Reno must have had better days – days when it had the glamour of Las Vegas, perhaps, and didn’t seem like such a seedy, discount cousin. We spent a night there in a casino, drinking free beers as we played the same $5 in the bartop video poker machines for hours. People around us with their livelihoods staked on the outcome of the football games shouted with glee and horror as they made and lost fortunes. The poor cocktail waitresses wore faux-tuxedo leotards over nude-coloured tights, and tottered around in high heels serving drinks while the male bartenders got to wear NFL jerseys – it didn’t seem fair. I’m not a gambler but I found it fascinating to feel myself get sucked into the thrill of pressing a plastic button to deal each new hand of video poker. Each ten cent victory felt like a personal triumph and every loss like a cosmic mishap. I’m glad we only spent one night there!

From Reno, the lovely 395 highway runs down the easternmost spine of California, nestled between the Sierra and the Inyo Mountains. It’s a route that passes through high mountain passes that reached nightly low temperatures in the negative teens (Celsius), during which our dish soap and the water in our pump froze. At least the days were fine when the sun shone. I did a nice hike along a forested creek to Obsidian Dome, a jumble of jet black obsidian shot through with pumice and sandstone, and filled my pockets with lovely shiny rocks. Later I met a guy who proudly showed me a 20 pound chunk of obsidian he had scavenged, which he claimed could net him $100 – leading me to think that perhaps I should have picked up a few more pebbles. While beautiful, with ponderosa pine forests and stunning mountain views, the eastern edge of Yosemite and the Sierras was so cold and smoky that it quickly became unbearable.

At least there were hot springs to keep me warm

Further down Highway 395 are the Alabama Hills, a series of crazed rock formations that have been the setting of hundreds of Hollywood movies, most notably the classic Westerns that some of you may have grown up watching. The rocks have formed towering hoodoos and natural arches, and from a distance resemble great stone castles, monster teeth, and city skylines. The best part is that you can just drive your van along any dirt path through the desert and park next to the rocks – for free – and have an amazing vista of the Sierras.
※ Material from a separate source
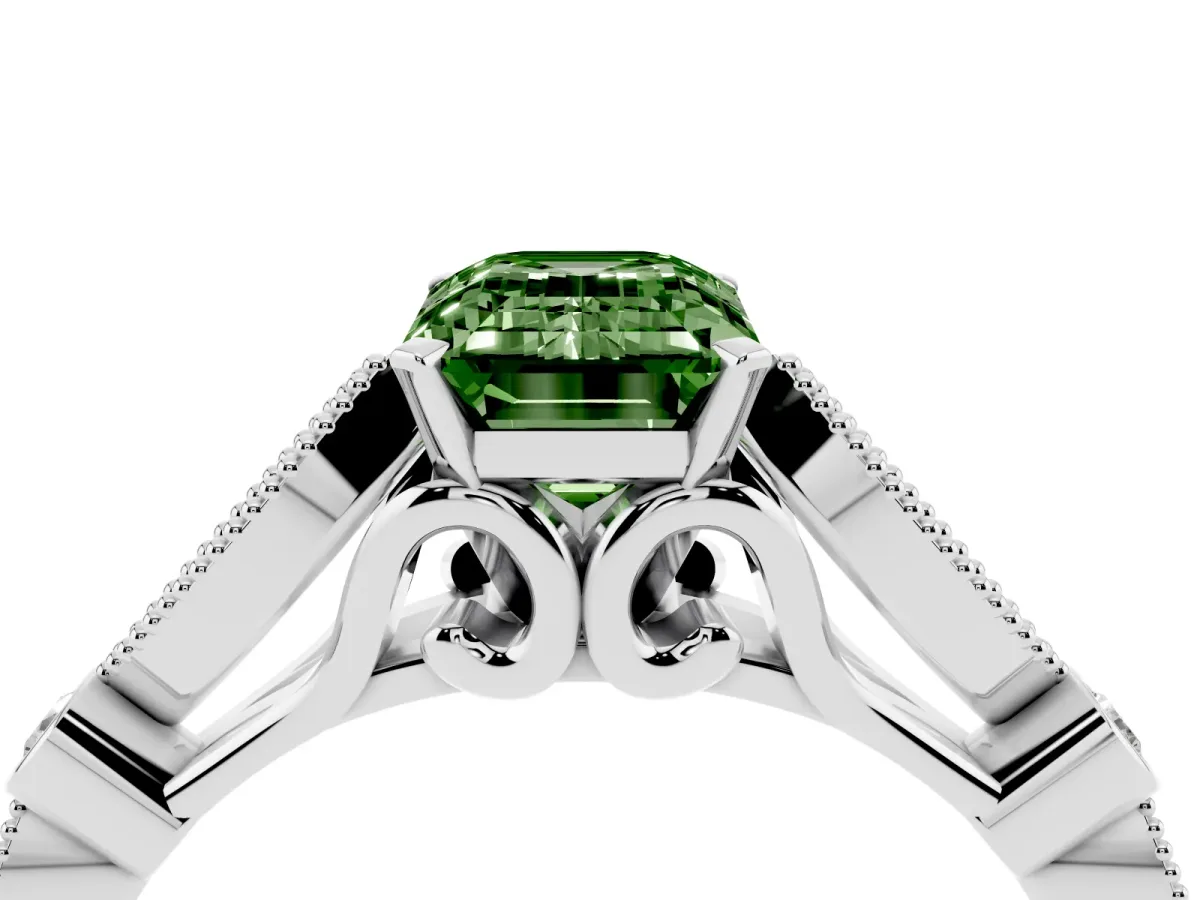 Fancy Green Emerald Cut Cut Diamond with Milgrain Marquise and Bezel Accents on a Solitaire Band with Prong Setting Silver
Mt. Whitney, the tallest peak in the contiguous US, towers over you as you sleep. It’s such a cool place to visit, and is only a few hours from LA.

A divine campsite, right underneath Mt. Whitney

We’re now spending a few days in Los Angeles, soaking up the 30 degree heat while all of you back East are shoveling your sidewalks. It’s blissful here: blue skies, sea breeze, palm trees, surfer bros, beautiful women, and $1 tacos. LA is a siren song. We did all the touristy stuff, visiting the Santa Monica Pier (which was deserted, like the set of a horror movie), Venice Beach (also deserted, and reeked of piss), and the Hollywood walk of fame, but I prefer just to sit somewhere nice and people-watch. A guy on the Ventura beach does push-ups over his little dog, kissing it on the lips each time he lowers his body. A man fishes on the edge of the Pacific Coast Highway, casting into the undulating grey waters. A young woman roller skates by with supreme skill, dancing and boogieing to her own music. Everyone is doing their thing here, and it’s so fun to see.

Nevertheless, I try to find a few drawbacks so I won’t be tempted to drop everything and become a beach bum. For one, it’s jarring to see the extent of the homelessness in LA (40,000 estimated in the city alone, camped in tents and broken down RVs along highway overpasses and on beaches and in parks). Despite the reputation of Californians for being laid back, they all drive 90 miles an hour on the 18-lane highways with little care for whether they live or die. And even though it’s delightfully warm and sunny, it’s also hot and sweaty. Who knows, though – I may yet be totally won over to the California cause.